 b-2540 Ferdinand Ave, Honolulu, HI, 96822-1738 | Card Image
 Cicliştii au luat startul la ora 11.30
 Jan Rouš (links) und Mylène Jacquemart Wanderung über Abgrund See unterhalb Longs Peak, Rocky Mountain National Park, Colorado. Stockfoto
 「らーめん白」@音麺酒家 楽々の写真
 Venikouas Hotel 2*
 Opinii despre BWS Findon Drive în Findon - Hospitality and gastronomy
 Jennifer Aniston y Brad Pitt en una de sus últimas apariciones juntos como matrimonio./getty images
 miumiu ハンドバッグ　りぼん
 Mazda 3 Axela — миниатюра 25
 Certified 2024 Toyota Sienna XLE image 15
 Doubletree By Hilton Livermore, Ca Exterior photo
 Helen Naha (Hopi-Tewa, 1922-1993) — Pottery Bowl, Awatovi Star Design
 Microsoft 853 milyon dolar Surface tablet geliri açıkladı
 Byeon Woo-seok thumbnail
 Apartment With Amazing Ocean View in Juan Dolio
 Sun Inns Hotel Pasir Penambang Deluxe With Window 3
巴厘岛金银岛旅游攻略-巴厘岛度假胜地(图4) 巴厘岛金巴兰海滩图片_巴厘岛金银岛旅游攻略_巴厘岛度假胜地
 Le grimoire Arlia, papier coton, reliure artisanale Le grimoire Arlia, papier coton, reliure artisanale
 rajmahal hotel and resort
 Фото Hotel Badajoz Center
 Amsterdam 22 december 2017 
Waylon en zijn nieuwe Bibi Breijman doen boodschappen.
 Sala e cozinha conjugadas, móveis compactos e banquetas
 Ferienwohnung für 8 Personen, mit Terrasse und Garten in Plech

________________________________________

• _Description of the task_
Return what is listed above, exactly and completely.

• _Solution for this problem_
 b-2540 Ferdinand Ave, Honolulu, HI, 96822-1738 | Card Image
 Cicliştii au luat startul la ora 11.30
 Jan Rouš (links) und Mylène Jacquemart Wanderung über Abgrund See unterhalb Longs Peak, Rocky Mountain National Park, Colorado. Stockfoto
 「らーめん白」@音麺酒家 楽々の写真
 Venikouas Hotel 2*
 Opinii despre BWS Findon Drive în Findon - Hospitality and gastronomy
 Jennifer Aniston y Brad Pitt en una de sus últimas apariciones juntos como matrimonio./getty images
 miumiu ハンドバッグ　りぼん
 Mazda 3 Axela — миниатюра 25
 Certified 2024 Toyota Sienna XLE image 15
 Doubletree By Hilton Livermore, Ca Exterior photo
 Helen Naha (Hopi-Tewa, 1922-1993) — Pottery Bowl, Awatovi Star Design
 Microsoft 853 milyon dolar Surface tablet geliri açıkladı
 Byeon Woo-seok thumbnail
 Apartment With Amazing Ocean View in Juan Dolio
 Sun Inns Hotel Pasir Penambang Deluxe With Window 3
巴厘岛金银岛旅游攻略-巴厘岛度假胜地(图4) 巴厘岛金巴兰海滩图片_巴厘岛金银岛旅游攻略_巴厘岛度假胜地
 Le grimoire Arlia, papier coton, reliure artisanale Le grimoire Arlia, papier coton, reliure artisanale
 rajmahal hotel and resort
 Фото Hotel Badajoz Center
 Amsterdam 22 december 2017 
Waylon en zijn nieuwe Bibi Breijman doen boodschappen.
 Sala e cozinha conjugadas, móveis compactos e banquetas
 Ferienwohnung für 8 Personen, mit Terrasse und Garten in Plech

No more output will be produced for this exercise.